Mr Milne was thrilled to be appointed director general in 1982, but the task of managing relations with an increasingly controlling Government required championship-standard diplomatic skills which Mr Milne had not had cause to learn.
The Prime Minister Margaret Thatcher took a dim view of what she saw as inefficiency and editorial bias at the corporation. Its board of governors, full of Government appointees, took a similar stance. After some early skirmishes over coverage of the Falklands War and standards in BBC drama, matters came to a head over the proposed screening of a documentary featuring an interview with Martin McGuinness of Sinn Fein, as well as Gregory Campbell of the Democratic Unionists. The interview was pulled by BBC chairman Stuart Young and the governors while Mr Milne was on holiday. The decision provoked a strike by BBC journalists and was later shown following some small edits, but the breakdown of trust between Mr Milne and the BBC governors was all but irrevocable. Further ill- feeling arose between No 10 and the director general over the airing of a Panorama programme alleging links between some Conservative MPs and right-wing extremists which led to an out-of-court settlement.

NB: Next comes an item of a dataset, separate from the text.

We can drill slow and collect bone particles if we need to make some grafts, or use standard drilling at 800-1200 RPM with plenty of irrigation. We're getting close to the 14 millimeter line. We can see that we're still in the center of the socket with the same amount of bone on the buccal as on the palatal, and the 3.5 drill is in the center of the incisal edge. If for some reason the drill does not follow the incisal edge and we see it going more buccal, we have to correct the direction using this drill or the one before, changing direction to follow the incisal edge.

Mr Milne oversaw the launch of breakfast television and the soap EastEnders, commissioned by his appointee, Michael Grade. Trouble with the Government flared again, however, over a BBC Scotland programme which was supposedly going to expose the Government for developing a new satellite warning system, Zircon; in fact, Mr Milne had already decided not to show the episode. Nevertheless, new BBC chairman Marmaduke Hussey, appointed by Mrs Thatcher, invited Mr Milne to resign, telling him it was the governors' decision.
Unlike other BBC director generals, Mr Milne never received a knighthood, not even after Mrs Thatcher's departure in 1990.

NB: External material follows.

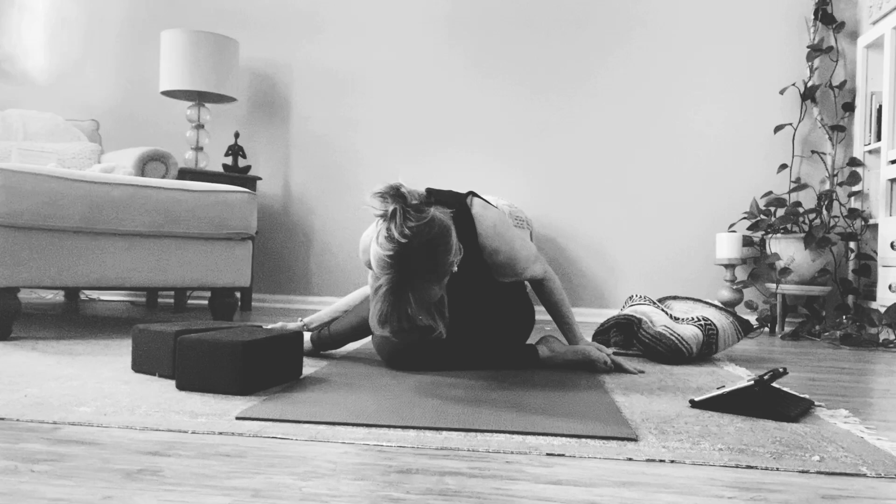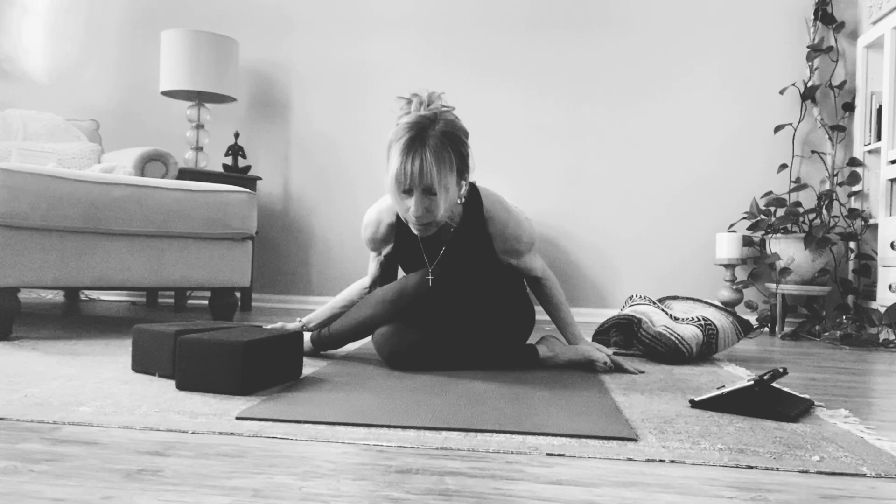Take one more breath here, and then as you exhale begin to lift your heart up and out and rise up.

Alasdair and Sheila Milne were famously devoted to each other and known to friends for their enduring romance. Mr Milne would typically schedule the film El Cid on Christmas Eve in honour of his wife, as they had once seen it together on a date. He was deeply affected by her death in 1992. In later years, though living in London, he enjoyed regular trips to his beloved Scotland, to fish and play golf.
He had played pibroch since boyhood and practised assiduously as an adult.
Though perceived to be combative and abrupt by some, due to his liking for vigorous debate, he was known and loved by his friends as a kind and exceptionally loyal person. He will be interred at Kirkton of Durris in Aberdeenshire, beside his wife.
Alasdair Milne is survived by two sons, Seumas and Ruairidh, and one daughter, Kirsty.